WHAT TO PRODUCE: Using the listing below, retype exactly the lines starting at the one with "DeFacto DeFactoFit Standard" and ending at the one with "Camping-car humour idée", and include both.

RECORDS PROVIDED Block Start

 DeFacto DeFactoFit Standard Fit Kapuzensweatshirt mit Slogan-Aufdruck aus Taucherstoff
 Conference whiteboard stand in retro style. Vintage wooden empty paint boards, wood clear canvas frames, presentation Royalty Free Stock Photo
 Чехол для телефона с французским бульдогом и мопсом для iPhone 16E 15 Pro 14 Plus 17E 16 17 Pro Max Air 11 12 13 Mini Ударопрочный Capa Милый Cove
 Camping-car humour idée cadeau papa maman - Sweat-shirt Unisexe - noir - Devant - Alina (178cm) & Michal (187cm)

RECORDS PROVIDED Block End
RECORDS PROVIDED Block Start

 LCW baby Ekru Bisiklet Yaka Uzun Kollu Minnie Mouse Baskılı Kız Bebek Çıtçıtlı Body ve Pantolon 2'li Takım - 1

RECORDS PROVIDED Block End

ANSWER FOR THIS EXERCISE:
 DeFacto DeFactoFit Standard Fit Kapuzensweatshirt mit Slogan-Aufdruck aus Taucherstoff
 Conference whiteboard stand in retro style. Vintage wooden empty paint boards, wood clear canvas frames, presentation Royalty Free Stock Photo
 Чехол для телефона с французским бульдогом и мопсом для iPhone 16E 15 Pro 14 Plus 17E 16 17 Pro Max Air 11 12 13 Mini Ударопрочный Capa Милый Cove
 Camping-car humour idée cadeau papa maman - Sweat-shirt Unisexe - noir - Devant - Alina (178cm) & Michal (187cm)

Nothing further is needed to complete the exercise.